The Day I Met John David Crow

I'm no hero. I want to say that first.

I was young. Early in my football years, playing fullback for my high school team in Ladue, Missouri. I'd torn my hamstring badly enough that there was internal bleeding. Badly enough that they put me on blood thinners. I couldn't play.

Somehow — and I still don't entirely understand how — my coaches arranged for me to be treated at the St. Louis Cardinals training facility. The NFL's St. Louis Cardinals. One of twelve professional football clubs in the entire country. A teenager, being worked on by their staff. I don't know what favors were called in, what connections were used. But it happened.

I was on crutches. Barely dressed. Moving down a long corridor inside that facility, headed toward a massage or a treatment — I'm not entirely sure which. What I remember is the corridor itself. Long and institutional, lit by overhead lamps spaced apart, each one dropping a circle of light onto the concrete floor, with stretches of darkness in between. It smelled of liniment and damp. A place where large men came to be repaired.

He was coming the other way.

In a jockstrap. Nothing else. Moving easily, the way a man moves when he belongs somewhere completely. And as he passed through those pools of light — bright, then shadow, then bright again — his face unsettled me in a way I couldn't name. Something about it. Each lamp made it stranger. I kept moving on my crutches because there was nothing else to do. But something in me wanted to stop.

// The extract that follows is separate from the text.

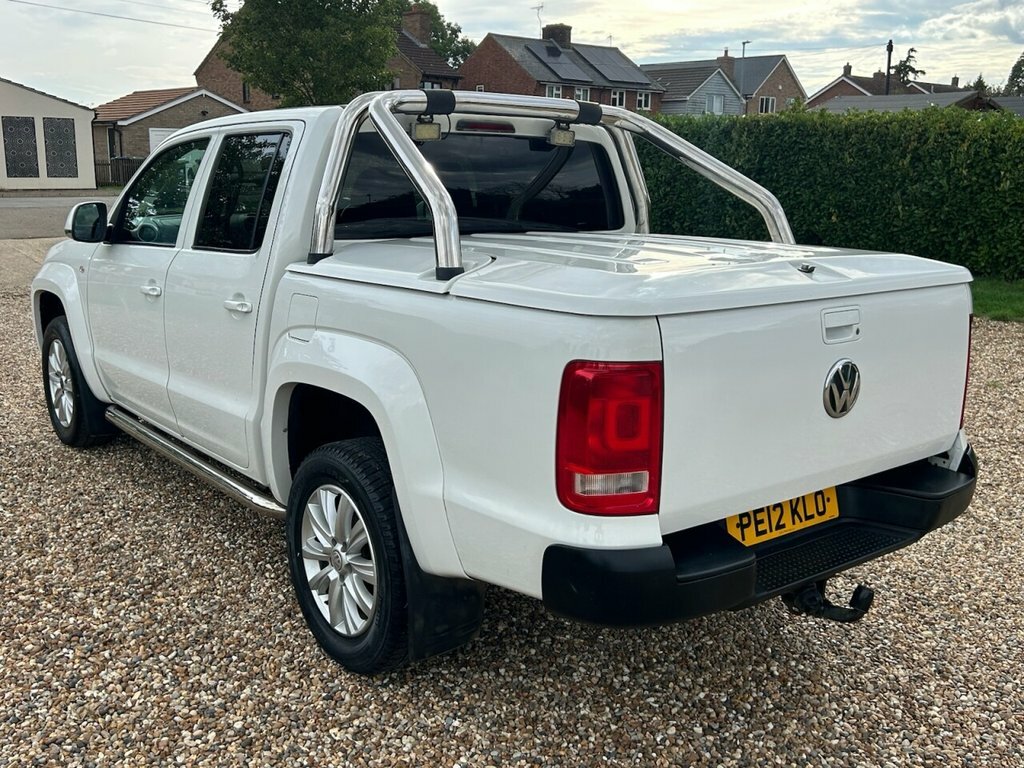 Volkswagen Amarok Hatchback Brown #6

What I didn't know yet — what someone told me only later — was that he was smiling at me.

He'd been born with the umbilical cord wrapped around his neck. The struggle to free him had damaged the nerves on the left side of his face. He'd carried that his entire life. Through everything. It was simply his face. And in that corridor, in that uneven light, what was meant as a kindness to a young kid on crutches — I couldn't read it as that. Not then. Not there.

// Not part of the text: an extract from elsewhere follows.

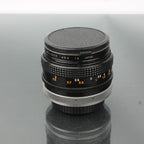 Canon FD 50mm 1:1.8 S.C.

I don't know if I made a fool of myself. I felt that I did. And then felt ashamed for feeling that way.

It was just the two of us in that long hallway. Him moving easily through the light. Me on crutches, barely dressed, trying to hold myself together.

Later there was the whirlpool. That intimacy — two people injured, recovering, the noise of the water filling the silence between words. He was kind. Unhurried. Genuinely present with a young running back who had no business being in the same facility as him. He offered encouragement. Guidance I can't quote precisely now, but that landed somewhere in me and stayed.

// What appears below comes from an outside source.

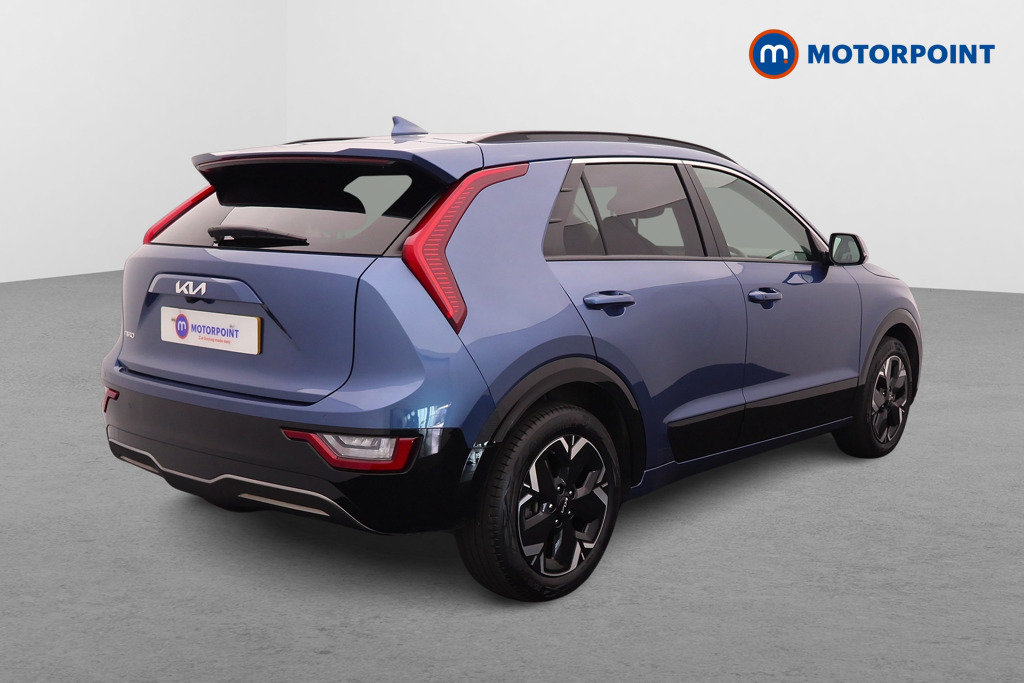 KIA Niro Horizon Automatic Electric SUV - Stock Number (1552858) - Drivers side rear corner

We were both running backs. We were both healing. That was enough for him to treat me like I mattered.

His name was John David Crow. Heisman Trophy winner, 1957. Four Pro Bowls. One of the finest all-purpose backs of his era. Most people reading this won't know him. That's all right.

I know him. I know what his face looked like coming toward me through that corridor, in and out of the light, trying its best to offer a greeting to a frightened boy on crutches.

The hamstring never fully healed. It's calcified now. Still present, sixty some years later, in the deep core of my body. A low grade reminder that never entirely goes away.

It was there this morning, on my walk, when the memory came back. The lamps. The darkness between them. That face.

I'm no hero. I was just a boy who got hurt, and was lucky enough, for a little while, to be in the presence of someone who was genuinely good.